• **DATA SUPPLIED**:

Content starts

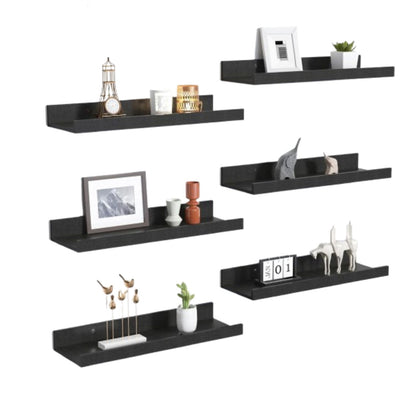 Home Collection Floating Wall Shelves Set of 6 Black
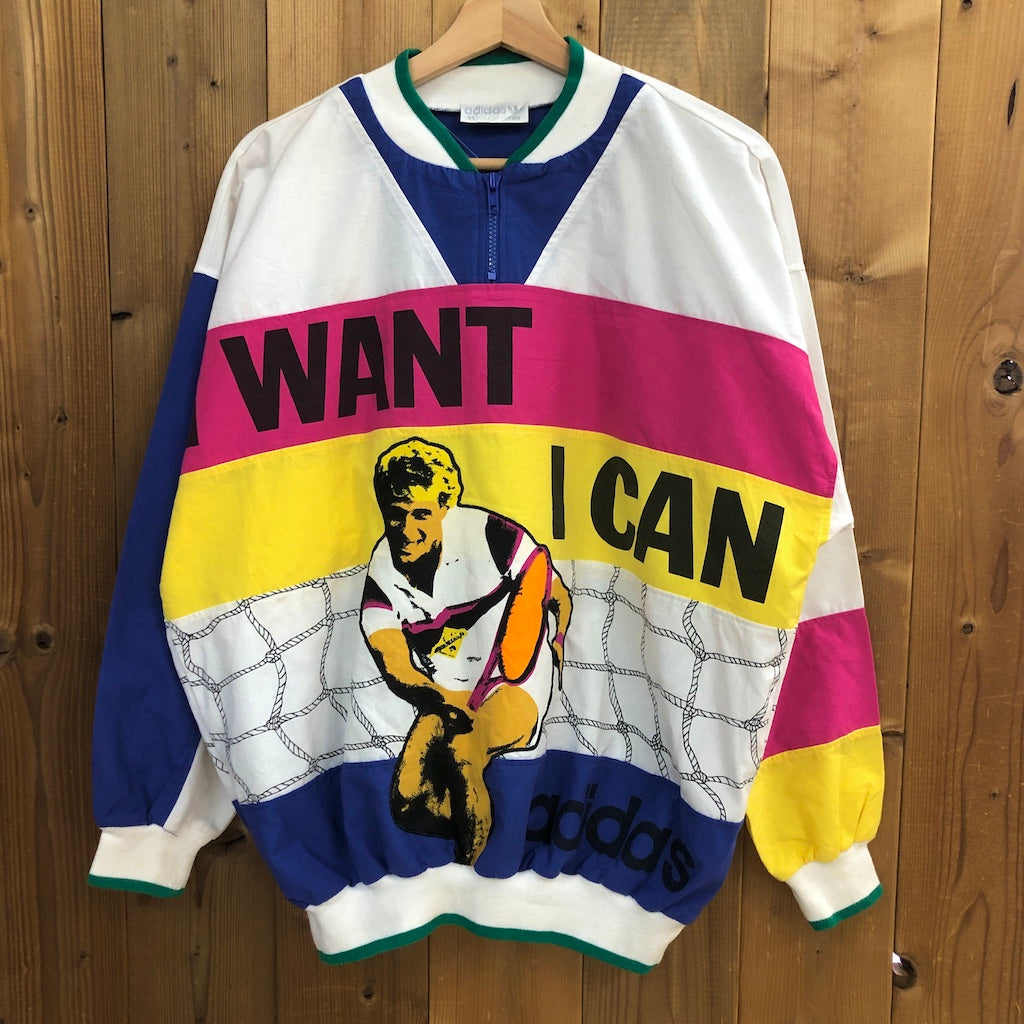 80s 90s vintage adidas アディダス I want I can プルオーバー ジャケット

Content ends
Content starts

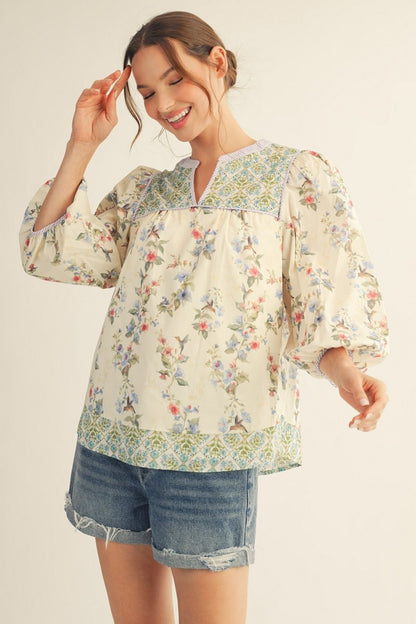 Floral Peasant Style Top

Content ends

• **REQUIREMENT**: What's needed is an exact copy of the lines above from the one with "Home Collection Floating" through the one with "80s 90s vintage", both included; the pictures stay out.

• **RESPONSE**:
 Home Collection Floating Wall Shelves Set of 6 Black
 80s 90s vintage adidas アディダス I want I can プルオーバー ジャケット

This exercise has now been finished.